When 28-year-old Mattie makes a pilgrimage back to his home town of Detroit, he's pretty much of a mess. It's winter in the Motor City, and Mattie seems already to be in the winter of his life. His marriage is on the rocks, his relationship with his parents and brother is troubled, his career as a fine artist is washed up. Worse than any of these separate things is that all joy has been leached away from him; he's been battling severe unhappiness for so long and for such good reason that (perhaps, just perhaps) there's no viable future at all left for him. This trip, back to the scene of his traumatized childhood, may be a literal last chance. Poor Detroit has seen better days as well. It's in wretched condition, piled high with "filthy snow," littered with the wreckage of dead cars. Moral and physical failure manifests at every turn.

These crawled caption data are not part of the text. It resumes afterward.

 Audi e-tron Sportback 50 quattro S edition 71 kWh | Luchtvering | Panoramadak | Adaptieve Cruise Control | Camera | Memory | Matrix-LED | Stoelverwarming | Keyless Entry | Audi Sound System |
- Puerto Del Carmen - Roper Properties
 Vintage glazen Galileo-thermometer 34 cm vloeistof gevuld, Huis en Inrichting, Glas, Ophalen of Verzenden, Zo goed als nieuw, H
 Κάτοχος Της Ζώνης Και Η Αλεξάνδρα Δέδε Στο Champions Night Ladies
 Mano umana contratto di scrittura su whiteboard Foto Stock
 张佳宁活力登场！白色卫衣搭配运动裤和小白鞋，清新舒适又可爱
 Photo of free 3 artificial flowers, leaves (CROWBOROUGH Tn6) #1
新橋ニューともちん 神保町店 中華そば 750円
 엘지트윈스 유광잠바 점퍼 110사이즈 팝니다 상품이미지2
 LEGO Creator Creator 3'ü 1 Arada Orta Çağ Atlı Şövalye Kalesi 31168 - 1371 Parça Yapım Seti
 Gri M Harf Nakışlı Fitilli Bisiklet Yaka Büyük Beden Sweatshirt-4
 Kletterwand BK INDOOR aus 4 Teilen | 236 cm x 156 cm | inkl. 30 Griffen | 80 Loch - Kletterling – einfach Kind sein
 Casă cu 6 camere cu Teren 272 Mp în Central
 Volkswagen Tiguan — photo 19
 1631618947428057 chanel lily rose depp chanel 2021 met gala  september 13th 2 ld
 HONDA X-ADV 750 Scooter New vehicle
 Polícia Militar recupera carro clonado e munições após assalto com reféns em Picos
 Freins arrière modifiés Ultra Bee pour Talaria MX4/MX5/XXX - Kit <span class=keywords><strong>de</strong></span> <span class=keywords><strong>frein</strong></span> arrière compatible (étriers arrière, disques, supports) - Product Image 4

Mattie begins to call up some of his old grammar school friends -- he was only 11 when he left town, under mysterious circumstances -- and is greeted with guarded surprise. His stated purpose is to check out two of his old, dear friends: Spencer, one of the first African American kids to attend Mattie's school, and Theresa Daughrety, a girl who lived down the street from Mattie, rigorously trained by her father to become a child genius. And, of course, Mattie needs to find himself.

The story switches from the year 1996, when the adult Mattie returns to his home town, back to 1976, '77, '78, as the sweetness of childhood played itself out for these three kids. Their lives in the sixth and seventh grade are punctuated by a devilish parlor game set up by Theresa's dad to validate his definition of her as a prodigy: "Mind War," a variation of Trivial Pursuit with very untrivial topics. But there are other games as well, among them something called "Side Car," in which Mattie and Spence unite to become a physical battering ram for their classmates.

This technically perfect, beautifully rendered childhood is what makes "The Snowman's Children" so powerful. Mattie's parents, really just kids themselves, are perfectly believable, and his popular younger brother could step off the page and right into our living rooms. This is "normal" American suburban life seen without cliches, a series of houses on a series of streets, where a series of parents try -- or don't try -- to make life safe for their kids. That safety should extend to everyone, even the geekiest (because no questions about it, Mattie, Spence and Theresa all have a high outcast quotient; they hang together because they're all weird).

Then the unspeakable happens. A child-killer turns up in Detroit, murdering a string of kids their age. (As if life weren't hard enough.) Parents are supposed to protect their children, but how do you protect against a serial killer? The adults here are only human, locked in private worlds of their own. Theresa's crazy widowed father still wants to have the smartest daughter known to man. (Meanwhile, he starts an affair with the babysitter.) Spence's mother, a white woman married to a black guy, is in the process of being left by her husband and ostracized by his family. Mattie's folks, the strongest of the lot, can barely keep their heads above water.

Meanwhile, Theresa is going absolutely, literally mad. Everybody sees it (except, perhaps, for that wacky single-minded dad of hers), but no one can seem to do anything about it.

That's in the fictional present time; the adult Mattie seeks out the adult Spence, a minister now in an African American evangelical church. Spence enigmatically greets Mattie as the "devil" and steadfastly denies knowing anything at all about Theresa.

That's about one-third of the plot. The theme here is that there's enough evil in this world to go around for everyone. Maybe these little kids aren't as innocent as they seem to be. Maybe one or more of them is doomed. Maybe evil has to do with the world falling apart. And once it's fallen -- even in one person's eyes -- there's hell to pay, putting it back together again.

Glen Hirshberg has been nominated for the 2001 International Horror Award, and I'm sure I won't be the only one to suggest that "The Snowman's Children" is a hybrid of two genres -- the first, a careful social realism; the second, a free-for-all Gothic-horror jamboree. But in the long run, who cares? Bonehead editors have been instructing writers for years that it's absolutely awful if their work "falls between two stools." But there's evidence that a lot of interesting stuff happens when you fall off one stool or another. In the great cosmic barroom of life, most of the action happens in free fall, heading toward the floor, or maybe breaking through into another, better reality.